そう思ってはいても顔に出さないのがプロというもの。

非常に愛想いい笑顔のまま、「商談」を続ける。


「では極秘案件と言う事ですな?」

『最初からそう言っているだろう!』


卓上モニターに映る痩せぎすの神経質そうな男が、高飛車に返答した。

ますます面倒くさくなった。


「しかしですな。ご依頼内容を鑑みますと非常に危機的状況です。

それこそ 人命 に関わる。しかるべき所にお申し出るのが筋かと存じますがねぇ。」

『それが出来ないから貴様に任すのだ。さっさと言い値を言え!』

「・・・承知しました、承りましょう。」


何を言っても無駄らしい。これ以上の問答は時間の無駄でもある。諦めて引き下がった。

(チッ、偉そうに無茶振りしやがって!

せめて可愛い物言いすりゃぁいいモンを、これだから政治屋の官僚共は・・・。)

不満を堪えてデスクの引出しを開け、一枚のカードを取り出した。

キラキラ光る金色の特殊アクリル樹脂製のカード。それを指先につまみヒラヒラとモニターの男にひけらかす。


「こいつで50枚、前払いでいただきましょう。」

『マネーカード50枚!? おいそれは・・・?!』


モニターの男が蒼白になった。

マネーカードとは、1枚で100万エンの価値がある高額プリペイドカードの総称。

それが50枚ともなると・・・。


「しかるべき所にお申し出ます?」

『・・・いいだろう。』

驚いた事に、今度は相手が条件を呑み引き下がった。

『その代わり、早急に片づけろ!

絶対に公に露見する事なく、だ! わかったな!?』


(アッサリ引き下がりやがった。もっとふっかけりゃ良かったぜ。
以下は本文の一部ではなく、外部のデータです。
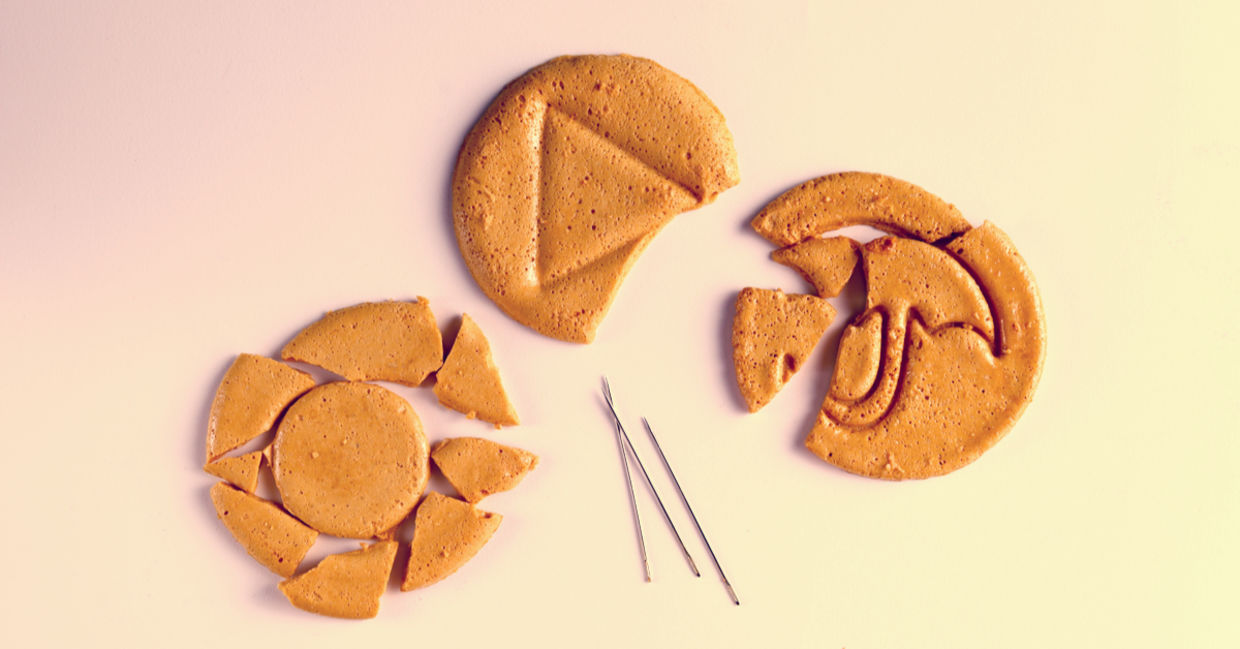 Korean popgi candy, honeycomb toffee sugar candy with umbrella and triangle shapes. Korean popgi candy, honeycomb toffee sugar candy with umbrella and triangle shapes.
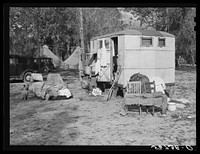 Construction workers drying out bedding and mattresses from their trailer after a week of heavy rains and winds. Near Camp Livingston, Alexandria, Louisiana. Sourced from the Library of Congress.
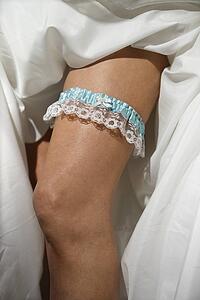 Close-up image of bride's leg with garter.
)

喚く男のだみ声を小気味よく聞き流し、別に立ち上げているPCの画面を確認する。

すぐにマネーカードを発行する特殊銀行から電子メールが届いた。手続き完了の通知だ。今日中に信頼出来る輸送会社がカードを届けてくれるだろう。


「覚えてろよ、AS風情 が・・・!」


相手は通信を切るタイミングを誤った。

忌々しげな呪いの言葉で、無事「商談」は終了した。


(けっ、その「AS」に頼んなきゃならねぇ状況作ったンは、てめぇだろが!

・・・まぁ、ああいう腹黒い客がウチにとっちゃぁ上客なんだがよ。)

いささか気分を害してチェアの背もたれにもたれる。

(とにかくこんな厄介で危ねぇ依頼は「あいつら」に任せるに限る。

うまくいきゃぁもっと儲かるぞ・・・!)

デスク隅に置かれた電話の受話器をとった。

その顔には本物の笑みが浮かんでいた。




『謎解きミステリー!

20年前の動乱最中、忽然と消えた 秘宝 の行方を追え!

今明かされる真相とは!?

今夜9時放送!どうぞご期待下さい!!!』


高層ビルが建ち並ぶビジネス街。

地下鉄道ステーション入口に備え付けられた大型ビジョンが、ハイテンションで今夜の番組を紹介している。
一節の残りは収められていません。